D'Abbadie D'Arrast's Topaze
A film that is at times slightly lethargic from a narrative standpoint more than redeems itself through visual inventiveness and an all-in performance by John Barrymore. I have never seen Pagnol's version so I cannot comment on how it stacks up. D'Arrast proves himself though a very strong director with a keen sense of camera movement and emotive framing. I was particularly moved during the moment when he slowly pulls back the camera during Topaze's farewell speech to his classroom.

Jim Jarmusch's Only Lovers Left Alive
Certainly Jarmusch's most interesting film since at least Ghost Dog. It echoes and adds to so many other strands in his work, doing for Detroit what Mystery Train did for Memphis, doing for the vampire genre what Dead Man did for the western, and channeling Young, Mueller and other shades of Jarmusch in intimate ways that deepen the auteur's unique legacy and footprint in world cinema. There is not much humor making it the director's darkest and most disturbing work but it also rewards in what struck me as the deepest work to come from Jim since Depp was chasing William Blake. 
Yasujiro Ozu's Good Morning
Ozu continues to dazzle. There is so much life captured in his work. And there is a surpising amount of levity to his approach and tone. Although I might prefer a few of his other films, Good Morning would be an absolute masterpiece by most filmmaker's standards. As a portrait on the fear of Westernization in the late fifties, this one has few if any rivals. And it is interesting to see it as an influence on Kitano's style and as a bit of a sibling film to The 400 Blows.

Manoel de Oliveira's I'm going home
Only the second film I have seen so far from the celebrated Portuguese filmmaker and again I was impressed, moved and encouraged to seek out and watch more of his work. At times his aesthetic and sensibility remind me of Rohmer or even Rivette, something very loose and smart, and it does not hurt the feeling of similarity that the film takes place in Paris and features Michel Piccoli and Catherine Deneuve. The title holds several different meanings and the final image perpetuates the contemplative mood and tone that seem to be one of the hallmarks of de Oliveira's cinema. 
Roberto Rossellini's India: Matri Bhumi
Yet another brilliant piece by one of my all time favorite filmmakers. Rossellini teaches us about animals and makes us see them in ways we never have. In the process he also makes us think about our own lives and how many humans have a choice to hunt, be hunted, or like Ramu the monkey at the end actually have no choices at all. A brilliant look at India and a beautiful meditation on life. 

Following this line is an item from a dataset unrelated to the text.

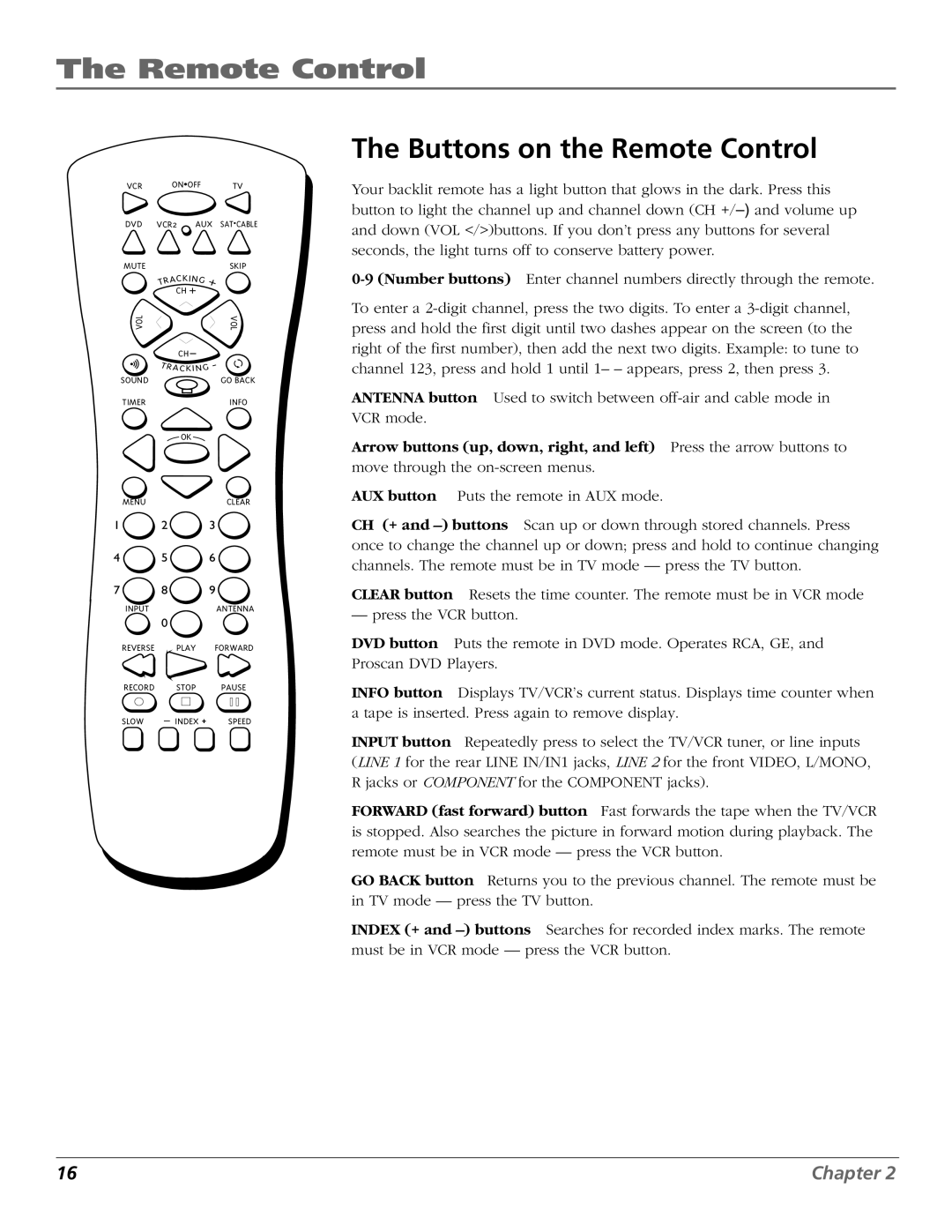 RCA T20TF668 manual Buttons on the Remote Control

Orson Welles' The Immortal Story
One of the few works by Welles I had never seen is yet another testament to the director's genius and brilliance. The story is labyrinthine and deeply auto-biographical for anyone who wants to think about it in terms of Welles' one-off success with Kane. It joins Renoir's Partie de campagne as one of the medium's all time great short efforts and is incredibly poignant and powerful in spite of the limited means Welles must have had at his disposal.